The spike in the Line of Control (LoC) confrontations experienced last year is being seen as evidence of a renewed assertiveness against India by the Pakistan military. The dangerous and ill-conceived manner in which the United States is attempting to end its military commitment in Afghanistan is presumed to be one source of this confidence. What seems counterfactual to any return of confidence are events taking place in Pakistan. Even as Islamabad and New Delhi spat fire over the killings that took place along the LoC, Pakistan experienced one of its own worst days of homegrown terror with four blasts across the country that have killed at least 120 Pakistanis. In addition, the country has continued to experience a sharp increase in drone attacks by the US against terrorist targets on Pakistani soil.

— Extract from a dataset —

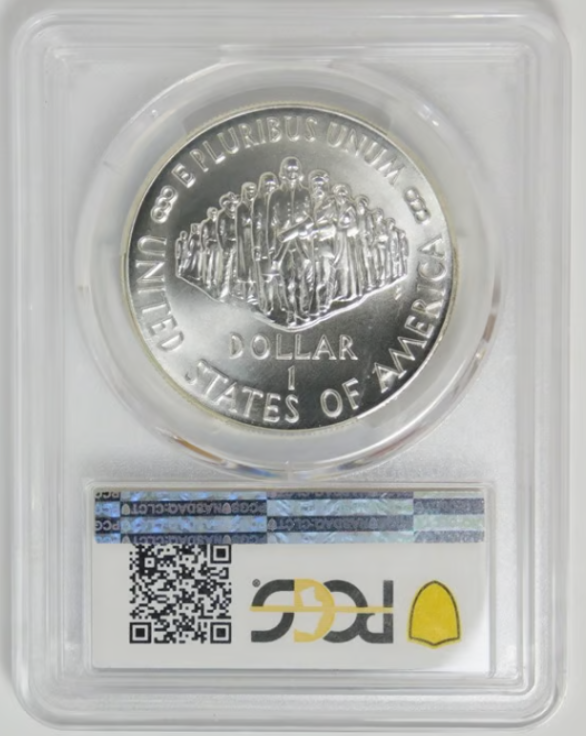 1987-P Commemorative Constitution Silver Dollar TOP GRADE PCGS MS70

The four blasts were notable because they seem to have been the handiwork of the Tehreek-e-Taliban and its ally, Lashkar-e-Jhangvi. The latter has an almost single-minded objective of killing Shias and others who it feels do not conform to its ultra-orthodox Sunnism. Attacks on Pakistan’s Shia minority have now become commonplace. If congregations and processions are not attacked, the prominent Shias are assassinated on the streets or in their homes. After a brief lull a few years back, Lashkar-e-Jhangvi has become increasingly active again. Tehreek-e-Taliban has also been spreading its tentacles further. For example, it is slowly muscling itself into Karachi and taking over many of the city’s criminal networks. Simultaneously, the US has stepped up its drone attacks as part of its preparations for leaving Afghanistan. The US plans to make drone usage the main plank of its anti-terrorism strategy after its troop presence withers away. While many Pakistanis would welcome the uptick in strikes as a welcome sign that the US is at last leaving, it is also a reminder of how unsettled and lawless the country’s western border remains — and the touchy relations that exist between Islamabad and Washington. Beyond this, there is the delicate state of Pakistan’s economy and the increasingly fractured nature of its polity as general elections approach.
The question is then why would a country with so many problems on its hands at home want to pick a fight with a neighbour who is roughly six times its size. The answer, unfortunately, lies in its men in uniform. Pakistan’s natural evolution as a nation has been arrested by its military who continue to promote and undermine democratic movements as they see fit. All of Pakistan’s experiments with militancy, many of which have come back to bite it as the recent blasts remind, have come from its army. Finally, it is the military that feels it must maintain a permanent state of hostility to India. The reason why the LoC becomes more violent even as Pakistan’s social fabric unravels should, therefore, be obvious. Both events provide the Pakistani military the legitimacy and unrivalled standing that it holds in that country — and all at the expense of Pakistan and its neighbourhood.